■ **RECORDED INFORMATION**
-- Opening Marker --

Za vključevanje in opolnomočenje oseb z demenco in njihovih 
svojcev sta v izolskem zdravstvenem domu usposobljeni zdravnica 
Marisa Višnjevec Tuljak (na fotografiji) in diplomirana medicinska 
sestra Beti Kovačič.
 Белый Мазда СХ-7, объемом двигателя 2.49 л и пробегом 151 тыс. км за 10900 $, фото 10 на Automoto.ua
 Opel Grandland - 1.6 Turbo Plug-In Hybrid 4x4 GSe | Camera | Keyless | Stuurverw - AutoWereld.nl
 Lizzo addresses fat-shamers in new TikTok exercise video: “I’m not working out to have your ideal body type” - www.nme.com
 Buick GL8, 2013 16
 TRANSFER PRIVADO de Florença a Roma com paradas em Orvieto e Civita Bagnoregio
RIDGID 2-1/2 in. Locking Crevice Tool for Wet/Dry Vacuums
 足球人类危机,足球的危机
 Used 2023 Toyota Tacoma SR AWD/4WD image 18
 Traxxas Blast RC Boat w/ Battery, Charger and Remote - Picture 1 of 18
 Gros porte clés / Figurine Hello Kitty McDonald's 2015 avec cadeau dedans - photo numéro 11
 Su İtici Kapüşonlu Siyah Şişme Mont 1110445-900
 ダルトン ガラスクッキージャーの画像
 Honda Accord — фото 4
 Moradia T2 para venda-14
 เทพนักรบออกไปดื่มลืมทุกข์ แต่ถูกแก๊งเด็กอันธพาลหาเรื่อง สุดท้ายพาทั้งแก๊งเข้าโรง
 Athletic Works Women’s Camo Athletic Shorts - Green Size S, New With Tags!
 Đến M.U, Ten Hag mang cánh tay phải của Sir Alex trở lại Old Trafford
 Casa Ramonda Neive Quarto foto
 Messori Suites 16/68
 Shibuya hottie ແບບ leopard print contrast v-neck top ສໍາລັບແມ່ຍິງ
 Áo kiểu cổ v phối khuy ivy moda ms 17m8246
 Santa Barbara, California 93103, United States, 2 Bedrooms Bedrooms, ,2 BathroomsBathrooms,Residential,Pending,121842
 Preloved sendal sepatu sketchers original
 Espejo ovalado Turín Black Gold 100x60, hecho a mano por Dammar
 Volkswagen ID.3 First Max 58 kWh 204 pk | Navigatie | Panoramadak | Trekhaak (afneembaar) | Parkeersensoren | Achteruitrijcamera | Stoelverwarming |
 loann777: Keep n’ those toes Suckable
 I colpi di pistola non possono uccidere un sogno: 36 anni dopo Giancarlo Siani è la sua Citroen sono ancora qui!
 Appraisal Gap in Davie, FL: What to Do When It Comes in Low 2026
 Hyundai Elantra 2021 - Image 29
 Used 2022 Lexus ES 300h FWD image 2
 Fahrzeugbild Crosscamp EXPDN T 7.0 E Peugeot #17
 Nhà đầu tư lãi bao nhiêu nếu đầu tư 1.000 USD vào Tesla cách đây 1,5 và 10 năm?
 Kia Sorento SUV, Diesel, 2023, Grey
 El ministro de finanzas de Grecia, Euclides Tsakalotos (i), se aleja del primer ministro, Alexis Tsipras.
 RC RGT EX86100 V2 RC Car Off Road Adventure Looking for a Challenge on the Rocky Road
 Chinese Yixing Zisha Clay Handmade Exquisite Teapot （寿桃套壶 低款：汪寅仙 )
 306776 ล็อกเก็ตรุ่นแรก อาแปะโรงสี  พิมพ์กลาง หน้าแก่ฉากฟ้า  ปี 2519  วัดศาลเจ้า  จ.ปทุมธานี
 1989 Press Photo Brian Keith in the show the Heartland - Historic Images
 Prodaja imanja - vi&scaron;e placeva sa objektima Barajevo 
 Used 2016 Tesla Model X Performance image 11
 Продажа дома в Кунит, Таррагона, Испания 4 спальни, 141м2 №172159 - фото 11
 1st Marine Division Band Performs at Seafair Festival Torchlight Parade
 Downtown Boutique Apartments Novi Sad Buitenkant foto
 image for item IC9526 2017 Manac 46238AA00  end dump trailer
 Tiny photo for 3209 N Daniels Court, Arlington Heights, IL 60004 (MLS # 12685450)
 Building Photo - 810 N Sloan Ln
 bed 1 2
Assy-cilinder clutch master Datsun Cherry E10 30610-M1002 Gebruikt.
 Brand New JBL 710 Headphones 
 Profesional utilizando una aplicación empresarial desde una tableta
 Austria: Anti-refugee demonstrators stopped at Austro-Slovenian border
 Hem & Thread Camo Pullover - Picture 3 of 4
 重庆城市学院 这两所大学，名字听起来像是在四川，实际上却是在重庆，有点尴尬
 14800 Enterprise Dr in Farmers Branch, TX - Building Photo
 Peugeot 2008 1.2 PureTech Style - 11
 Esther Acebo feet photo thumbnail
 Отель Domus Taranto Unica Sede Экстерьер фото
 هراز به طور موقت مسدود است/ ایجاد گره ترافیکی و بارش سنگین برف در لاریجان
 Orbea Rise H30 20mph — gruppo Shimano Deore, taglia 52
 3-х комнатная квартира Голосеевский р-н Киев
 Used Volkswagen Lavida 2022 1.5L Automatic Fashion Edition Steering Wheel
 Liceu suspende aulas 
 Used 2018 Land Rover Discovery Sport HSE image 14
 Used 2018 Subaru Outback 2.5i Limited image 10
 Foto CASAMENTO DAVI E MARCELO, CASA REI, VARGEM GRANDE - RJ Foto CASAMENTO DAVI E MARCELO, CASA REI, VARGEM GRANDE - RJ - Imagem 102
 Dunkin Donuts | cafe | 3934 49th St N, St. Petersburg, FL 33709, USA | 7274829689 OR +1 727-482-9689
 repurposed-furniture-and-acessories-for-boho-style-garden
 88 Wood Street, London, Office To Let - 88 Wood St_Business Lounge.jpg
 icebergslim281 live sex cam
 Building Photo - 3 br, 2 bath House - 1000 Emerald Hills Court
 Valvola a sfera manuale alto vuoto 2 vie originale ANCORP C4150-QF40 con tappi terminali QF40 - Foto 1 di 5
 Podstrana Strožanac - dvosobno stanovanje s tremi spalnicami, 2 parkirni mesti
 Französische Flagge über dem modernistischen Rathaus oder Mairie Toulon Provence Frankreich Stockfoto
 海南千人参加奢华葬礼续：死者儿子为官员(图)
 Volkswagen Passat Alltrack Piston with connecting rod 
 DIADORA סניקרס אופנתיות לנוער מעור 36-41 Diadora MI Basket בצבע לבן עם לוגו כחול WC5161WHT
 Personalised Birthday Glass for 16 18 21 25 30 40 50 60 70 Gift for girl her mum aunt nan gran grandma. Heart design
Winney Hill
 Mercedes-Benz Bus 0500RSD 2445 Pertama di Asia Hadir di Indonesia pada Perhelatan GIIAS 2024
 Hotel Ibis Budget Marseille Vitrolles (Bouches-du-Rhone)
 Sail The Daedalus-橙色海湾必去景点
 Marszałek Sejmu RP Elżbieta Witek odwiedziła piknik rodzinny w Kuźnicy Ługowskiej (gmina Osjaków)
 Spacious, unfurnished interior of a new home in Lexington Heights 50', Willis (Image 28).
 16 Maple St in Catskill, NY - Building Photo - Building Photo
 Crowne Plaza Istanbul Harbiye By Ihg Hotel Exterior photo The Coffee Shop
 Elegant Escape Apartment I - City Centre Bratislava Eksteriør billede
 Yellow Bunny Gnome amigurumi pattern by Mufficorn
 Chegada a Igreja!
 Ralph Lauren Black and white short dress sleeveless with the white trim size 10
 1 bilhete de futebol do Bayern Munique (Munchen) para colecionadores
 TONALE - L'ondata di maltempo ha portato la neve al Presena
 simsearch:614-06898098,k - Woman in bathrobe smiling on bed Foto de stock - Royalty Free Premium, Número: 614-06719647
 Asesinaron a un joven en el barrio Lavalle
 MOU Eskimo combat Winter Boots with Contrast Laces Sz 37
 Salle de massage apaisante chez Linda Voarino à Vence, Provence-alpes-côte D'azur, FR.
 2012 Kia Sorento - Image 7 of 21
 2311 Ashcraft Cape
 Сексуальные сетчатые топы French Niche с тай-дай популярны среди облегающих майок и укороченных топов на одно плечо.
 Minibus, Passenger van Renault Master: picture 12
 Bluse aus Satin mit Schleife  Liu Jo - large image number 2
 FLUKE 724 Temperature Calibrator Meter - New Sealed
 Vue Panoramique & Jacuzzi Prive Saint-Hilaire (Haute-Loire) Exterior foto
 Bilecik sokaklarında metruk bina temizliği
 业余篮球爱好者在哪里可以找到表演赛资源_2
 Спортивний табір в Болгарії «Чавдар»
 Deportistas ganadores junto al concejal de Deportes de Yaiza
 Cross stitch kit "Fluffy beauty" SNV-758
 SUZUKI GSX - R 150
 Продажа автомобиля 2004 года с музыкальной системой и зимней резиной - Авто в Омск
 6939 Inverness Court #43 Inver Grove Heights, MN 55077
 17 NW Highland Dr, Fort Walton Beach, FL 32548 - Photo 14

-- Closing Marker --

■ **PROBLEM TO WORK ON**
Copy out each line of the material above that holds the word "Building".

■ **RESPONSE AREA**
 Building Photo - 810 N Sloan Ln
 14800 Enterprise Dr in Farmers Branch, TX - Building Photo
 Building Photo - 3 br, 2 bath House - 1000 Emerald Hills Court
 16 Maple St in Catskill, NY - Building Photo - Building Photo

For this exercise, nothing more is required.